With November approaching I thought this might be a good time to talk about spring semester transfer admissions at Wake Forest. To start, while our enrollment needs vary from year to year, we typically seek to admit but a handful of students for the semester that begins in January. We will begin reviewing transfer applications in early November on a rolling basis – students who are in their second or third year of college should hear from us on average three to four weeks after their application is complete and ready for review with the first decisions rolling out in late November. While we will continue to accept applications until our enrollment needs are met, I strongly encourage you to submit your application by early November.
First year college students are encouraged to wait to attempt to transfer for the fall term of 2014 so that the Admissions Committee can review two semesters of college work. While we do not prohibit first semester freshman from applying, admission is rare. A decision on your application may not be made until after final first semester grades have been received, often pushing notification back to late December/early January.
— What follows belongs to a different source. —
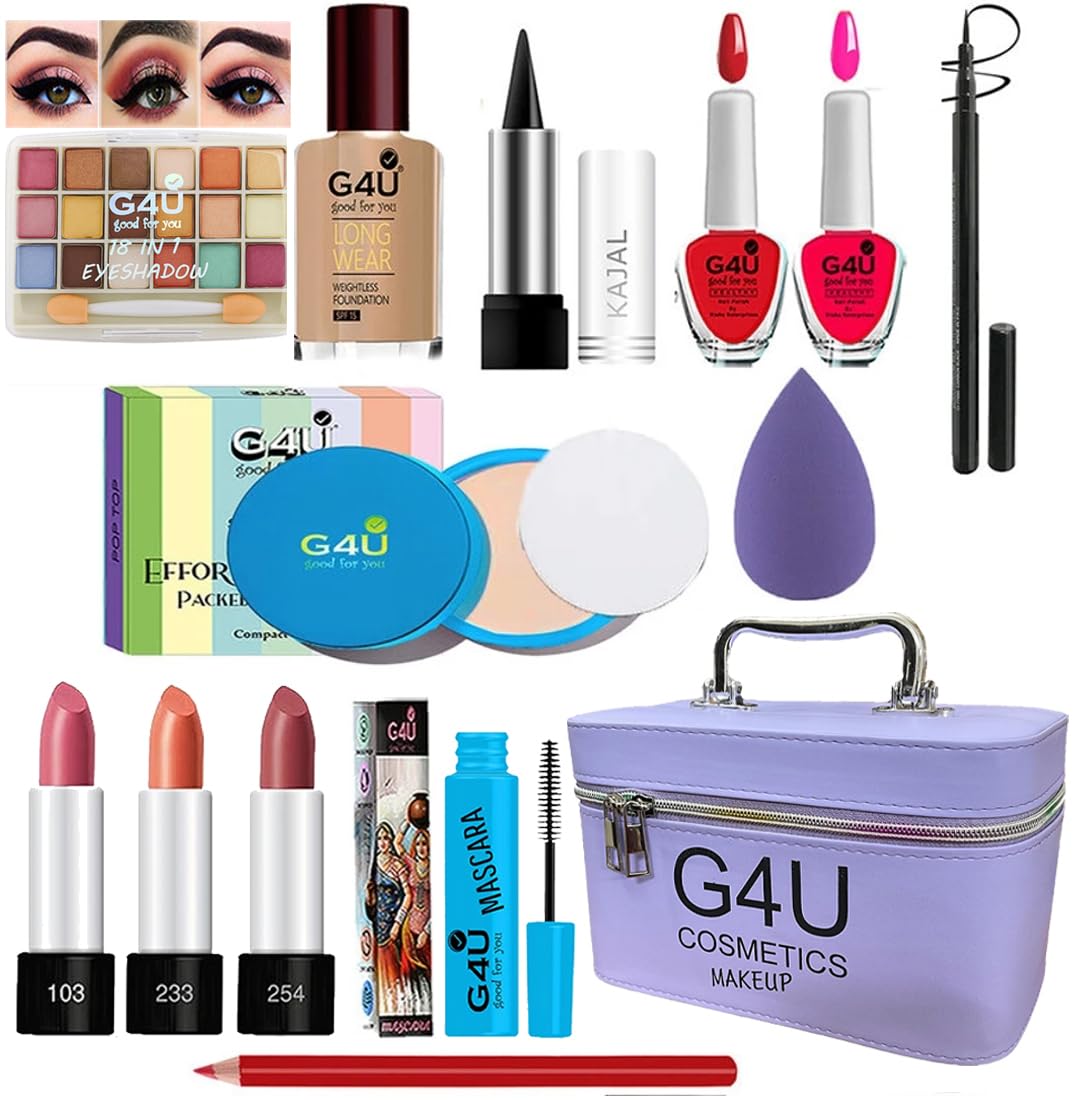 G4U All In One Makeup Kit Gift Set,Eyeshadow,Eyeliner Pen,Foundation,3 Lipsticks,Kajal,Lip Liner,Puff,Mascara,2Nail Polish,Compa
Instructions for applying can be found on our Transfer Applicants information webpage. Transfer applicants are encouraged to apply online utilizing The Common Application or by completing the Wake Forest University “paper” application. While interviews are not offered to transfer applicants, the Admissions Committee will reach out directly to you should any questions arise during application review.
The spring term begins with the opening of our residence halls on Saturday, January 11. Orientation for new students takes place the following Sunday and Monday. Classes begin on Tuesday, January 14.
Finally, I am often asked how one can enhance their chances of admission. First and foremost, work hard in the classroom. Needless to say, your grades matter – do not fall victim to the “I was unhappy thus I performed poorly” excuse! In addition, prepare a strong application with written answers reflective of one who has been exposed to the diversity of thought often prevalent on a college campus. While a recommendation from a professor is not required one is often helpful. Do these things and do them well and, space permitting, you may be offered admission. We wish you luck!